À l’image de ce qui se fait aux CFL, le LCGB plaide pour des agents de sécurité privés sur les lignes de bus sensibles. (photo d'illustration Julien Garroy)

La récente agression de deux chauffeurs de bus a ravivé le traumatisme d’Eric, lui-même violemment frappé il y a un an, tandis que le LCGB fulmine et interpelle – une nouvelle fois – les autorités.

Un an a passé, mais Eric se rappelle chaque seconde de son agression : la violence du coup de poing en plein visage, le sang sur le tableau de bord, la douleur étourdissante, la sidération. Des flashs qui réaniment le traumatisme à chaque fois qu’il entre dans Colmar-Berg, où l’attaque a eu lieu, au volant de son bus.

Loin de s’éloigner de son métier qu’il aime tant, ce chauffeur de 49 ans à la carrure imposante – il mesure près de deux mètres – a souhaité retrouver au plus vite son poste de conduite, y compris ce trajet Luxembourg-Ettelbruck.

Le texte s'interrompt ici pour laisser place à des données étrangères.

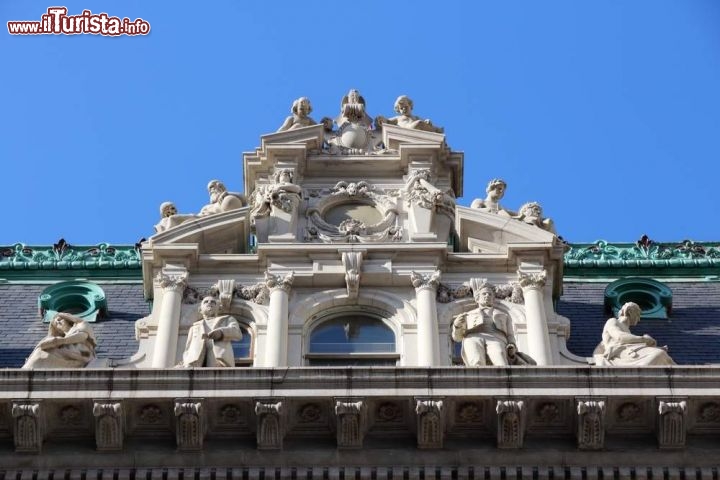 Immagine Sommità del Surrogate's Courthouse anche chiamato Hall of Records a Lower Manhattan New York - © Tupungato / Shutterstock.com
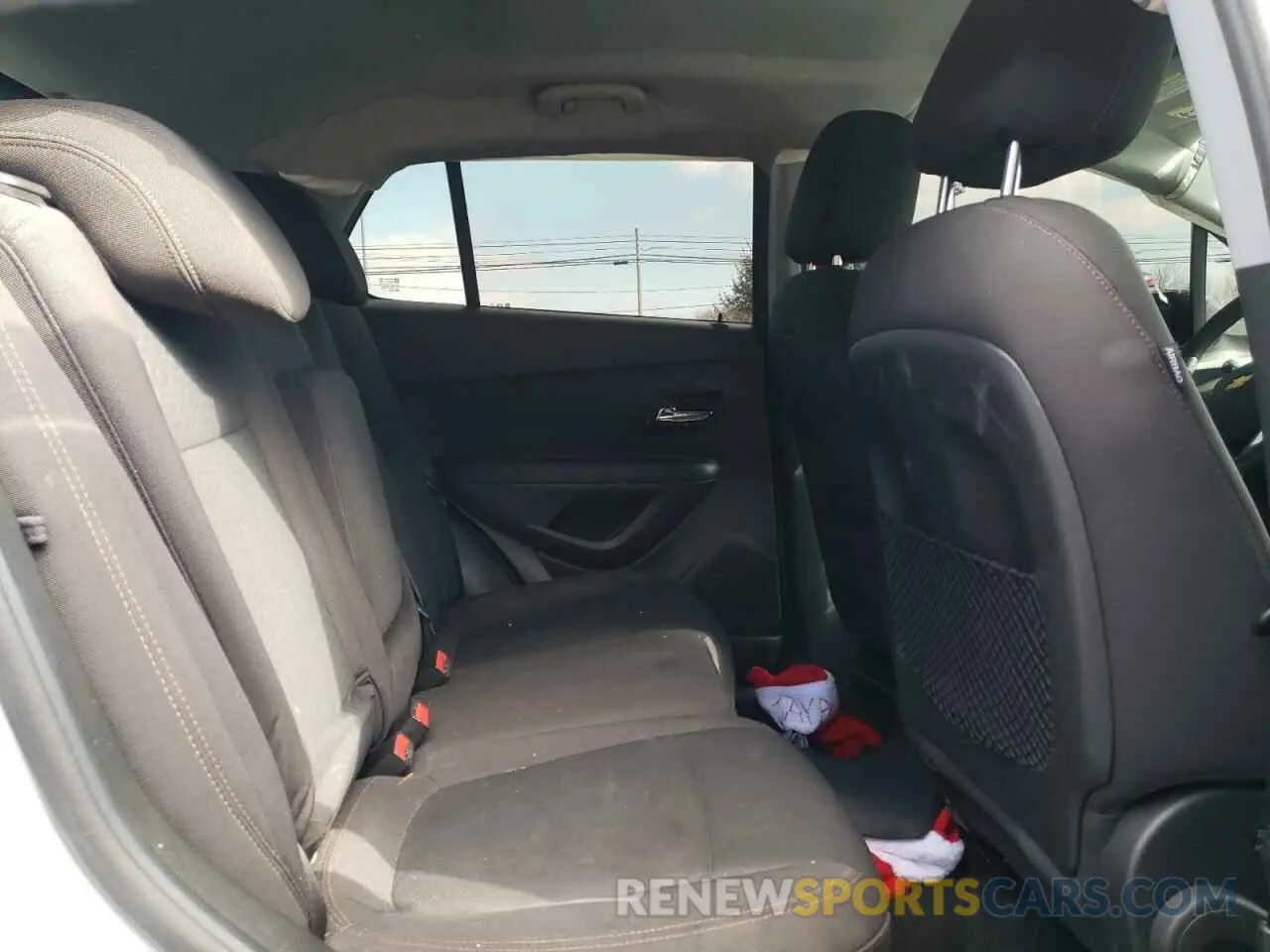 11 Photograph of a damaged car KL7CJKSB3LB039143 CHEVROLET TRAX 2020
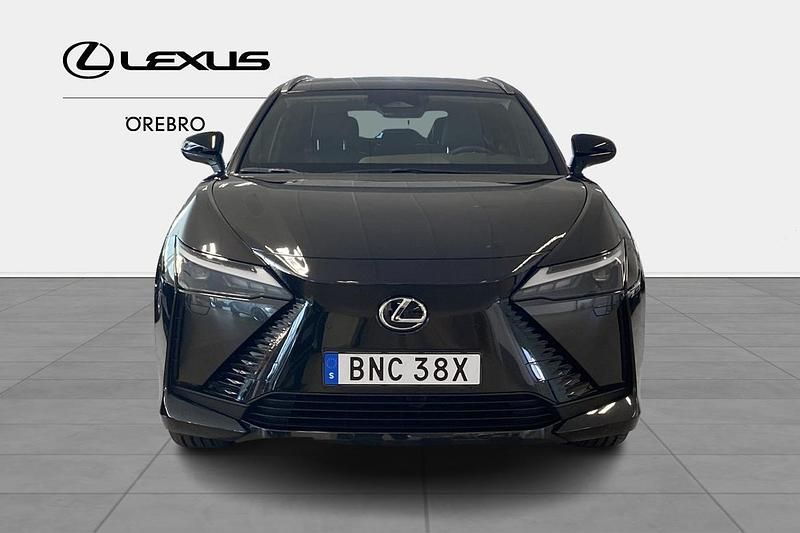 Begagnad Lexus RZ 300e Executive Line 152 kW (207 HK) 2024 Svart SUV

Même si tout n’est plus comme avant : «J’ai un sentiment bizarre en repassant à cet endroit. Mais non, je n’ai pas demandé à en être écarté», précise Eric, qui confie que les courses nocturnes sont devenues plus difficiles. «Lors des derniers départs, à 23 heures ou minuit, je ne suis pas serein. Par moments, j’ai encore peur», reconnaît-il.

Ce soir du 14 novembre 2021, il assure la liaison entre la gare de Mersch et celle d’Ettelbruck sur la ligne RGTR 402 (aujourd’hui 119) pour la société Alltra. Dans l’entreprise, des collègues ont déjà été confrontés à des insultes ou des menaces de la part d’usagers, mais rien de plus.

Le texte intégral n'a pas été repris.